The undersigned hereby grants to each such attorney-in-fact full power and
authority to do and perform each and every act and thing whatsoever requisite,
necessary and proper to be done in the exercise of any of the rights and powers
herein granted, as fully to all intents and purposes as the undersigned might
or could do if personally present, with full power of substitution or
revocation, hereby ratifying and confirming all that such attorney-in-fact, or
his or her substitute or substitutes, shall lawfully do or cause to be done by
virtue of this Power of Attorney and the rights and powers herein granted.
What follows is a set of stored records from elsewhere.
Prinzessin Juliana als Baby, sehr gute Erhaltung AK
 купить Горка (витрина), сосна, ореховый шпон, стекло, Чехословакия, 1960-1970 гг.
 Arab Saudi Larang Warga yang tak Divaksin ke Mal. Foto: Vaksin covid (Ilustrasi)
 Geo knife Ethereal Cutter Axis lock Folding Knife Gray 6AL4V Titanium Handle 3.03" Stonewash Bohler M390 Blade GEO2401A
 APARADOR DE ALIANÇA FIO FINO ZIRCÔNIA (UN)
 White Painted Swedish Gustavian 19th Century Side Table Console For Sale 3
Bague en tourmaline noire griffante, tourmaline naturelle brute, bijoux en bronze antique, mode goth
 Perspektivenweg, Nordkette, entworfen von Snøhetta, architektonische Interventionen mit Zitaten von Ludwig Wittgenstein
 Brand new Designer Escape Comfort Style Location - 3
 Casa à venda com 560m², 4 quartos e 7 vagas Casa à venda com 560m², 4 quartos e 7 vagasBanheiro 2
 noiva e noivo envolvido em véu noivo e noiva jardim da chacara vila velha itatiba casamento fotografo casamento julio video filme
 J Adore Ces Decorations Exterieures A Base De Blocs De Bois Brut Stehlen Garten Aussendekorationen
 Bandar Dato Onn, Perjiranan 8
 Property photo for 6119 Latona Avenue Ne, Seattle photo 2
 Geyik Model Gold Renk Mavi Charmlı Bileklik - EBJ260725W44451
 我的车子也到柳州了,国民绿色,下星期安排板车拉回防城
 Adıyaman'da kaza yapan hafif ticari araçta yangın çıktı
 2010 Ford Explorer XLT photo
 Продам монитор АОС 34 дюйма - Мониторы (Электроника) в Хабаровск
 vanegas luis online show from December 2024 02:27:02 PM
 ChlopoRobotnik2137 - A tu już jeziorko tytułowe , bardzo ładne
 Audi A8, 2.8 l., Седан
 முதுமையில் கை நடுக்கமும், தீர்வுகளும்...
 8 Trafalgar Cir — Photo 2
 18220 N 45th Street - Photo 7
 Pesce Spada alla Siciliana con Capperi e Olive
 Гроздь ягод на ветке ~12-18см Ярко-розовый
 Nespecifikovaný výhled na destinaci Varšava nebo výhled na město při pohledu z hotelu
The undersigned acknowledges that the foregoing attorney-in-fact, in serving in
such capacity at the request of the undersigned, are not assuming any of the
undersigned's responsibilities to comply with Section 16 of the Securities and
Exchange Act of 1934 and the rules thereunder, as the same may be amended from
time to time.

This Power of Attorney shall remain in full force and effect until the
undersigned is no longer required to file Forms 3, 4 and 5 with respect to
the undersigned's holdings of and transactions in securities issued by SAIC,
unless earlier revoked by the undersigned in a signed writing to the foregoing
attorneys-in-fact.

The undersigned hereby revokes each and every power of attorney relating to the
powers and rights granted herein that the undersigned has signed prior to the
date hereof.

IN WITNESS WHEREOF, the undersigned has caused this Power of Attorney to be
executed as of this 8th day of June, 2007.